C’est quoi le rapport de Sandro B avec les visages floutés ?, grâce à la photographie et au cinéma le siècle dernier nous donnait notre « mémoire » en grand, jamais une époque n’a connu autant de représentations de son histoire collective et c’était pour le peuple une façon de grandir, exister ,sortir du silence de l’histoire, même les plus humbles ont été filmés, archivés. Et tout d’un coup on floute les images, ça veut dire quoi ? Là je dis une réflexion du mal : ça veut dire que progressivement l’histoire ne retiendra plus que les portraits de stars et d’hommes publics, une vie préfabriquée pour une histoire de contes de petites filles et garçons innocents. Le peuple dort toujours bien la nuit, l’histoire est belle et simple.

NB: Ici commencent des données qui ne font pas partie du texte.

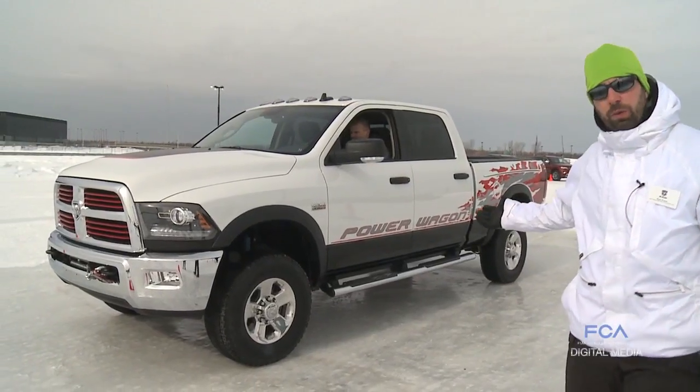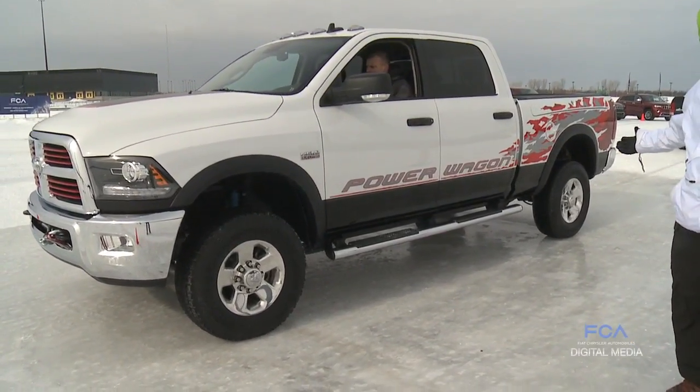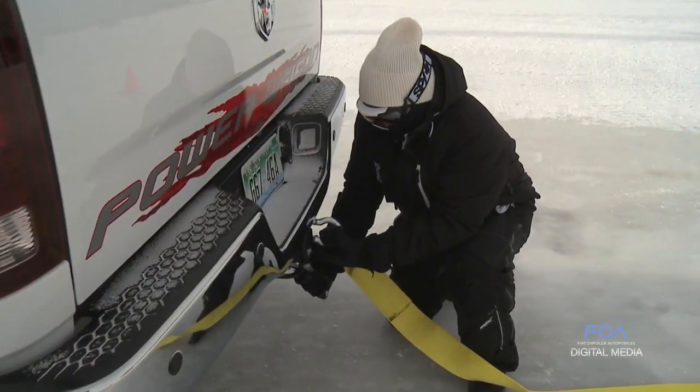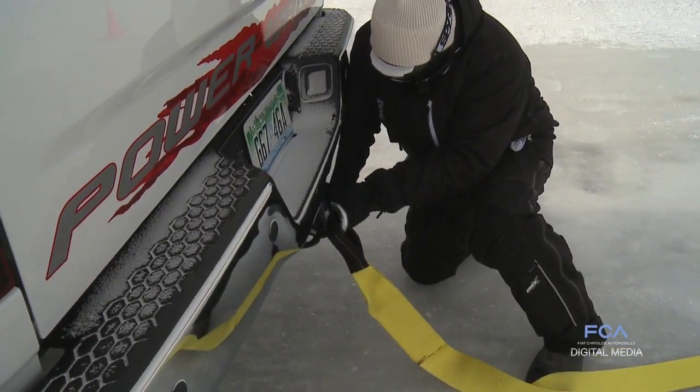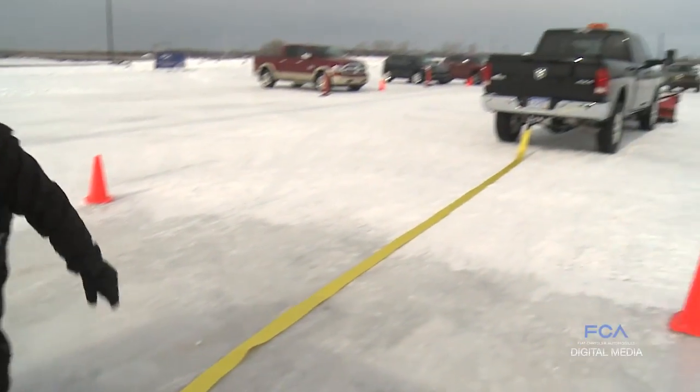We have the vehicle in two-wheel drive right now, and as you see, all the power is transferred to the rear right now. We have the vehicle hooked up to another vehicle so that we can demonstrate the ability to send the power to the rear, or when we place it in four-wheel drive, it'll split that torque 50-50 front and rear by locking the part-time transfer case.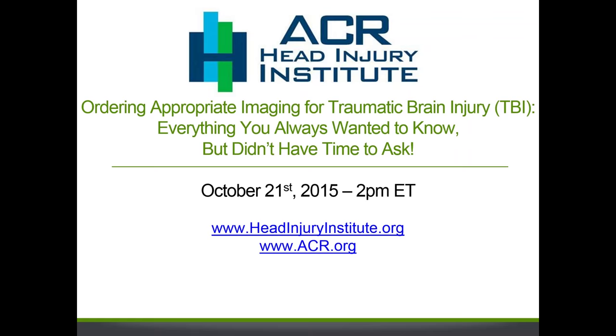Hi everyone, this is Laura Coombs. I'm the Director of the Head Injury Institute at the American College of Radiology, and thank you for joining us for the webinar on Ordering Appropriate Imaging for Traumatic Brain Injury.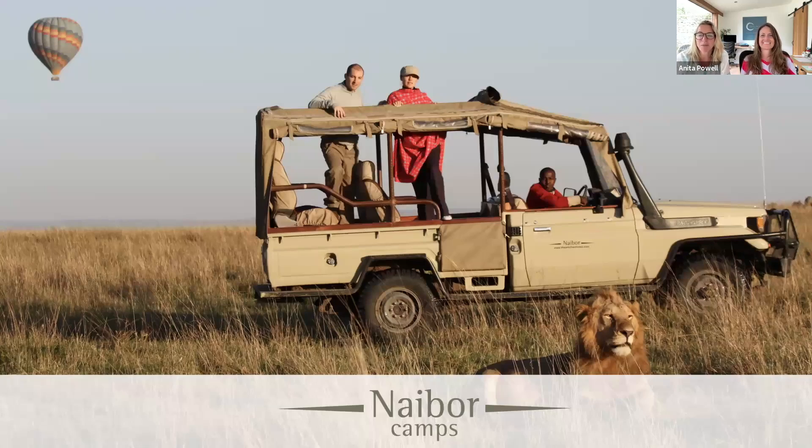Good afternoon and welcome to this afternoon's webinar on Naibor in Kenya. I'm delighted to be joined by Lisa Sykes, who is one of the co-owners of Naibor Camp. As is always the case with our webinars, they are being recorded, so don't panic if you have to leave halfway through. We will be following up with you all with a copy of the recording and other useful information like rates and fact sheets. If you have any questions, do write them in the chat box and Lisa will be able to answer them at the end of the presentation.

Bien que Sandro B s'inspirait de l'antiquité paiënne pour les personnages secondaires, les sujets montraient une histoire biblique, magnifiée, au service de puissants mécènes. Dans nos manuels d’histoire de l’art nous ne savons presque rien des gens simples de cette époque. Dans le système actuel de l'industrialisation des médias, des mots existent pour parler de la représentation idéale: images de synthèse ou images virtuelles, mais de quel monde ? Un monde de rêve, associé à la célébrité et l'argent, scénarisé pour le plus grand bien de tous, ou seule la -réalité produite- est invitée, déjà on écrit l'histoire, comme les artistes florentins lorsqu'ils intégraient les représentations de leurs mécènes dans leurs peintures aux sujets religieux.

Le Samedi/Dimanche dernier je suis allé voir une sorte de convention de grapheurs avec bombes (de peinture), point non plus de réalité, les représentations humaines sont sorties direct live de la bande dessinée et d’un vocabulaire de tribu urbaine, ça fait la peinture murale. Ce qu’il y a de formidable dans cette affaire c’est que les grapheurs en plein travail ne sont vus que de dos, évidemment, aujourd'hui, pas d'illégalité, c’est subventionné. On imagine ceux que l’on voit à la télé, avec cagoule, gestuelle dansante de terroristes, en train de bomber des trains, sur un fond musical techno, c'est ce qui restera de cette histoire. En sortant j'observe un jeune homme, un peu à l’écart, pinceau à la main, simplement, s'attachant à peindre des bonhommes presque attendrissants. Peut être que l’un de ces murs résistera quelques siècles, non ?


Jacques Bonnot, 18 Juin 2004


*pour être totalement objectif sur cette question, sur la gauche de cette peinture, figure aussi Médicis, qui lui aussi nous regarde dans les yeux!